Since LA Requiem, the story that elevated the Cole/Pike series from the simplicity of the entertaining-but-empty early novels into a serial with gravity and emotion, Crais has explored Pike's character to a limited degree. But what he has exposed is a self-contained man, with a hardened, impenetrable exterior protecting a soul that he reveals little of to anybody, even Elvis Cole. Pike is quiet. Pike doesn't smile. Pike doesn't do much of anything except run his gun shop, keep Elvis alive and kill Elvis's enemies. It's hardly promising material for a novel in which he occupies centre stage.
But Crais is a clever writer. You have to be to keep a series alive into its tenth installment, as this is. And so he has written the perfect novel for Joe Pike.
The action moves at break-neck speed throughout, so that nobody stands still for more than a few minutes and so that no reader is left in the company of Pike during downtime for any longer than necessary. Yes, Pike's character and motives and inner emotional life are explored here to a greater degree than ever before, but very little more is revealed of Pike. He is quiet and he doesn't smile, and although he manages a range of emotions that anyone familiar with him might have thought impossible, Joe Pike will never be Hamlet, standing in the spotlight, exposing his hopes and fears to the world.
Nonetheless it is a welcome change of pace and direction for the series, and has helped to bring a new spring into its step after two books, The Last Detective and The Forgotten Man, stripped Elvis Cole to the bone (and damned near killed him off into the bargain). Elvis needed a break.
Pike is called in to look after the afore-mentioned Larkin Barkley after three attempts are made on her life in just a few hours. He is told that she is on the run from a point man for the Colombian drugs trade who runs away from the scene of an accident after she slams her Aston Martin into the side of Mercedes in the wee small hours. They go into hiding together as Pike decides the only way to keep his charge safe is to turn the tables on her pursuer and chase him down.
Barkley is a thinly-disguised parody of Paris Hilton. A vapid, blonde heiress with more money than brain cells and a constant need to be at the centre of attention. And not, therefore, Joe Pike's cup of tea. Or so you might think.
While Crais keeps a good thriller moving along extremely well, the major point of interest is how Pike deals with the girl and vice versa.

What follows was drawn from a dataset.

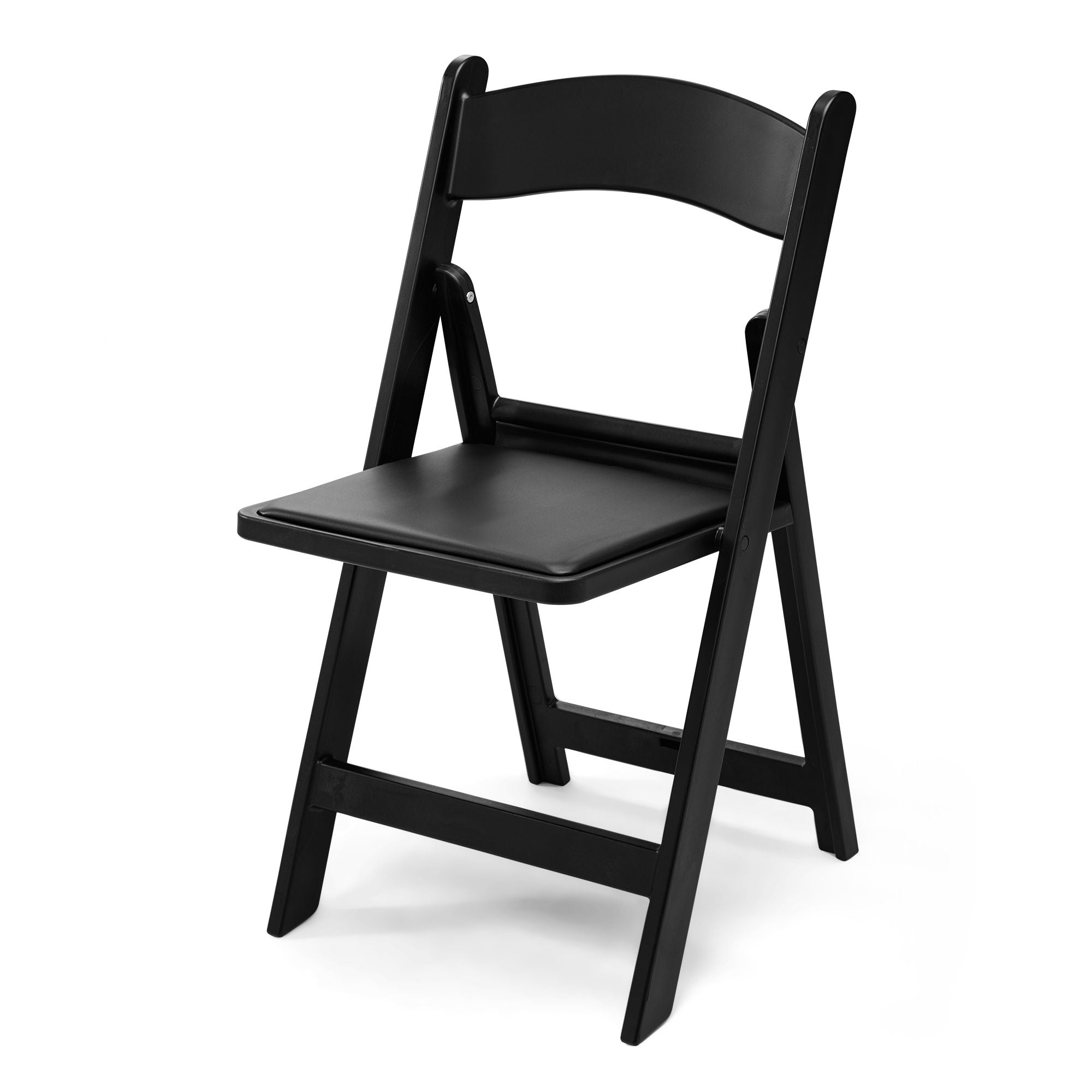 Steel tube folding chair – view 2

This develops slowly, as one might expect of Pike, but is genuinely interesting and offers a good counter-balance to the pace of the plot, as do the occasional appearances of Elvis Cole, who is rarely short of a quip intended to lighten the mood.
This is not the best Cole/Pike novel, but it is a welcome addition to one of the outstanding series in contemporary crime fiction that will have appeal that should extend beyond the legion of fans Crais has already collected with his books
The Watchman is published on February 27 in the US and by Orion in the UK on March 21.